Je regarde ça depuis les vitres de mon bureau transparent, et je me dis que j’en n’ai rien à battre de leurs duels dans les couloirs moquettés. S’écarteler, se disloquer à propos de la lumière, du soleil, du temps, etc pour s’apercevoir qu’il suffit de changer l’ampoule. Comme si tout ce que je proposais, devait être par principe remis en question, j’ai l’impression de ne croiser que des antithèses autour de moi. Je laisse glisser l’eau sur la toile cirée, j’explique, je me justifie sans façon, sans entrave, et ça passe.
Je ne suis là que pour un temps pourtant, je me sens fort en ce moment. Je n’ai plus la même ambition, mais je deviens réaliste. C’est terrible. Je ne pardonne plus rien à personne, c’est pire que ça, j’ignore ceux que je n’aime pas. Et aussi, je deviens patient. J’attends qu’il m’arrive quelque chose, quelque chose de bien.
Clara, ma secrétaire, est aussi froide qu’au premier jour. Elle m’énerve toujours autant avec ses petits silences et sa politesse diplomate. Mais je ne peux rien lui dire sinon elle va me flinguer pour harcèlement.

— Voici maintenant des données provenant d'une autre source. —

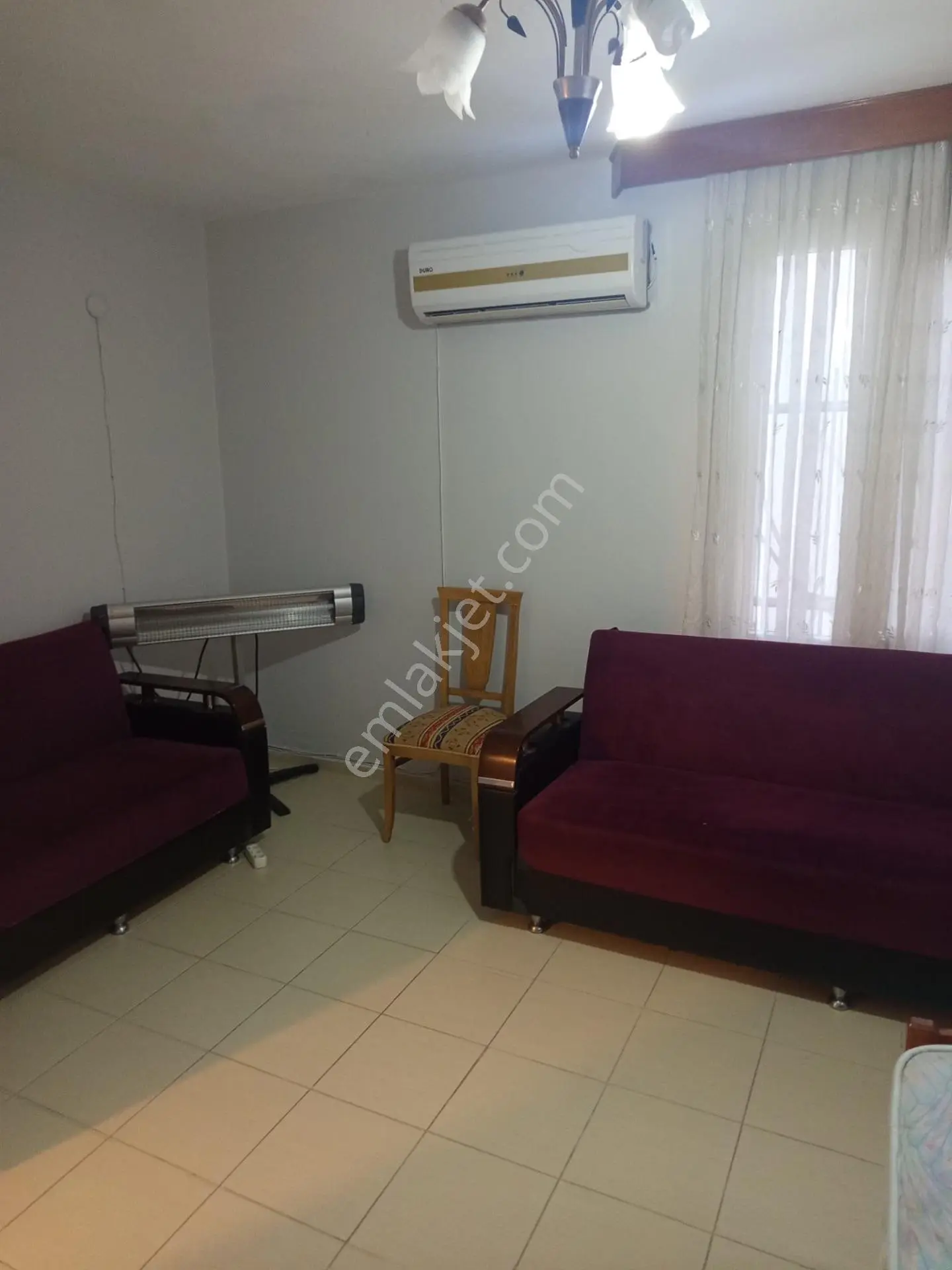 Göl Manzaralı *3+1güzelyalı *uğur Mumcu Caddesi Bulvar Üzeri *takas Olur 4cephe *kap,mutfak*hasarsız — fotoğraf 8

L’autre fois aux toilettes, je m’arrête devant la porte, elle dit :
– Mais qu’est-ce que vous faites là ?
Je réponds d’un mouvement d’épaule :
– Qu’est-ce que tu veux que je vienne faire là ? Tu veux des détails techniques ?

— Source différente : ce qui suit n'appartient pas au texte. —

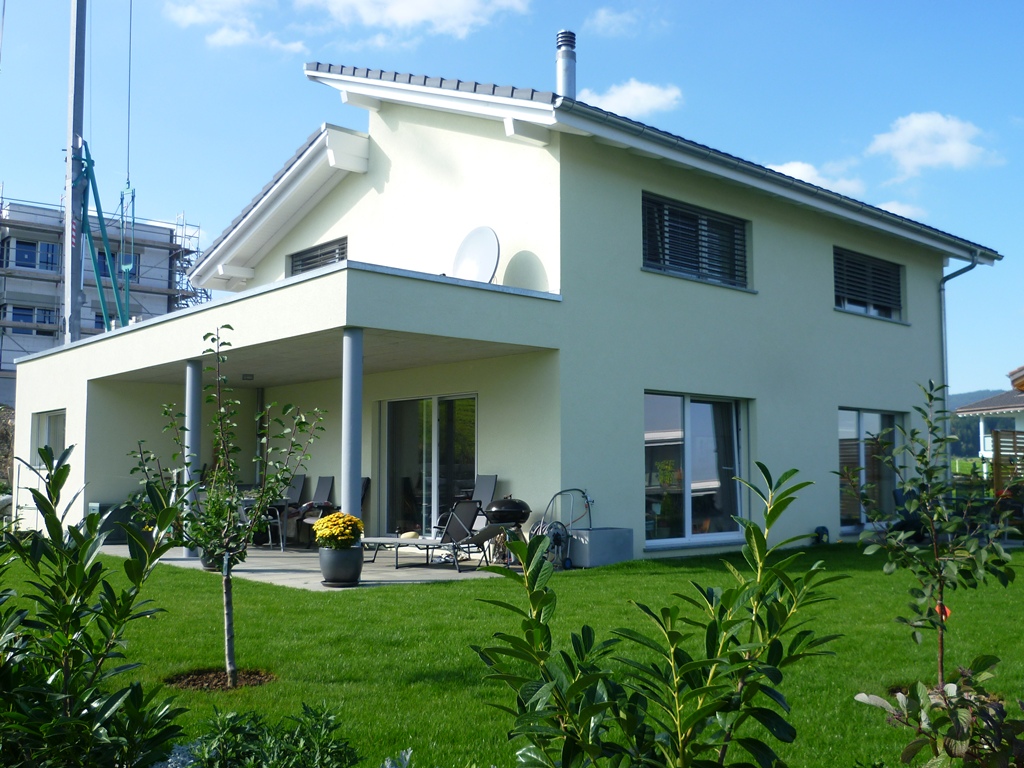 Entreprise de construction Riviera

De toute façon, si j’ai bien compris, elle est sur la liste des départs non annoncés. Tant pis pour elle.
Mes supérieurs semblent contents de mes prestations. Il faut dire que je suis protégé par la position de Bloom qui, bien qu’alité depuis des mois, reste très influent dans les décisions du CA, ( sa femme détient 32 % des actifs de la société « COMCO International »). Pourtant même s’il y a du mieux dans l’évolution de son cancer, (je suis allé le voir, il y a deux semaines dans son manoir de Tuxedo Park), il apparaît de plus en plus improbable que Michael Bloom reprendra jamais un jour sa place au sein de l’agence. Du coup, j’ai un statut un peu à part, c’est le statut de ma liberté : je suis seul et je me démerde avec mes problèmes, je n’ai de comptes à rendre qu’à lui et/ou à sa femme que mes histoires ennuient.

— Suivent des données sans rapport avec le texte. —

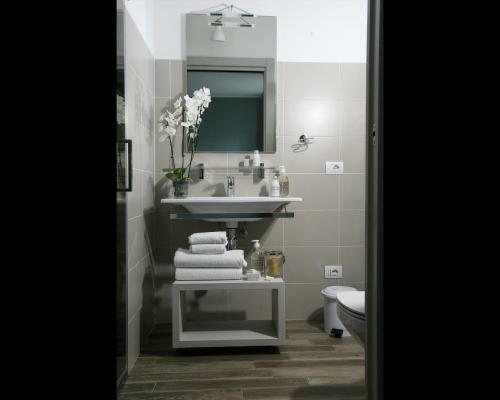 Apartamento Villa Moretta Lake Como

Les minutes sont élastiques. Ça fait plus de huit mois maintenant que je vis presque les mêmes heures. Parfois je voudrais me casser, prendre des vacances pour respirer un peu. La semaine prochaine j’ai une conférence publique avec cinq ou six autres rédacteurs dans le cadre du Miami Art Basel sur le thème du « traitement de l’Art à travers la presse et les médias ».
J’ai fêté mon anniversaire chez une copine qui fait du Body Art, implants, tatouages, scarification, suspension. En guise de cadeau, elle m’a posé deux petits anneaux en titanium au bout des tétons. Ça a un effet inouï. Trente-neuf années passées à porter ma vie. Je la sens de plus en plus lourde quand ceux de mon âge, ceux avec lesquels j’ai fait mes études, joué au tennis ou celles avec qui j’ai commencé dans la pub, changent de couleur comme les feuilles en automne ou disparaissent dans les pages nécros: l’un dans un accident, l’autre une maladie mystérieuse en trois semaines, et je viens d’apprendre qu’une de mes meilleures copines est atteinte d’un méchant crabe. Putain fait chier. J’espère qu’elle va s’en sortir. Et là tac, j’apprends dans un entrefilet sur ABCNews Online la mort d’un citoyen Américain du nom de Samuel TK, bien connu des services de police.
– What ?
Tué dans l’explosion de son véhicule sur le parking d’un motel aux Caraïbes. Même si la thèse de l’accident est envisagée, les journaux et enquêteurs locaux n’excluent pas l’hypothèse d’un règlement de compte. On le suspecte d’avoir été mêlé à un trafic de bijoux volés. Il était infirme, mais personne ne pleurera la vie de ce filou, la justice des hommes est plus expéditive que le verdict des juges (parce que les juges ne sont pas des hommes, puisqu’ils jugent les hommes). Dans un sens, Samuel a eu ce qu’il méritait, mais dans l’autre c’était mon copain, et dans un troisième: qu’est-ce que je peux faire du putain de paquet de cailloux qu’il m’a confié et que j’ai planqué dans cette boîte à chaussures au fond de ma penderie?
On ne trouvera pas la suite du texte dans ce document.